The goal of the program is to help students graduate and have a plan for after graduation, O’Connor said.
While the school is looking for mentors in general, they’re also looking particularly for male adults to serve as mentors.
Mentors are asked to commit at least one hour a week to meet with their mentee. The program is flexible to accommodate schedules and plans.
During their time together, they set goals, talk about healthy living, complete school work and talk about what’s going on in their lives. O’Connor said one of the key parts of being a good mentor is being a good listener.
Mentors and students are partnered based on their interests.
Prior to meeting with students, mentors receive training.
When students have mentors, O’Connor said they typically have increased attendance, higher GPA, and fewer behavior problems.
Spring Lake resident Suzanne Richards has been a mentor for three years.

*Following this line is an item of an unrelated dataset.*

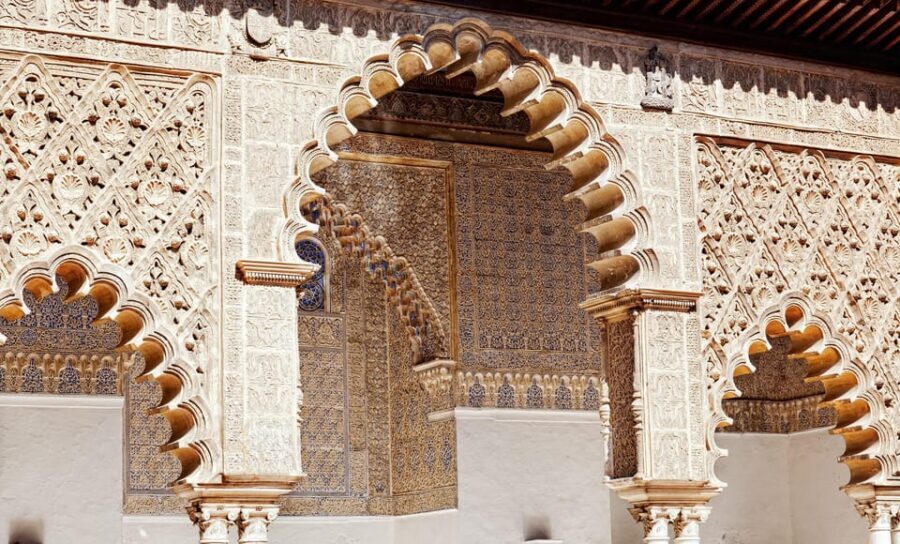 Seville: Tour Alcázar, Cathedral & Giralda Priority Access - How priority access changes your Seville day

Richards, a Grand Valley State University professor, said she’s familiar with the research on mentoring that suggests it plays a positive role for students.
Richards said it also gives her a chance to give back to students and the community.
Being a former principal, Richards said she misses that contact, and being a mentor gives her a chance to interact with students.
Over the years, Richards said she’s gone to lunch or coffee with students to talk about what’s going on in their life and listen.
She said she believes she’s a positive role model and she can help students make connections for their future by talking about college and employment.
Richards said she talks about the application process and what college is like, if her mentee is interested in exploring that route for their future.
“It’s also another adult in their life that cares about them and cares about their future,” she said.
When Richards and her mentee first met this year, they worked toward helping her get a job. They discussed and outlined a resume and then revised one that the student made.
Within a few weeks, Richards’ mentee had a job, which Richard said is a tribute to her mentee’s efforts.
Richards is also helping her mentee explore programs that fit her passion by touring the Ottawa Area Intermediate School District’s Careerline Tech Center.
Richards said the important thing for mentors to do is respect students as individuals, get to know them, and affirm who they are.
At the beginning of the school year, Central High School junior Hailey Rozek joined the mentor program.
Each Wednesday, Rozek, 16, said she looks forward to meeting with her mentor, who has helped her learn not to hold things in and to work through obstacles instead of avoiding them.
Rozek said it’s nice having someone she can talk to about what’s going on in her life.
Rozek’s mentor is also helping her look at what’s in store for the future.
After graduation, Rozek plans to study business so she can open a restaurant with her sister.
If adults are on the fence about mentoring, Rozek said they should try because there are many students who could benefit and use their help.
Rozek also encouraged her peers to also step outside their comfort zone and participate if they have the opportunity because it’s a positive experience.
“It isn’t as scary as you think,” she said. “They’re just as much interested in your future as you are.”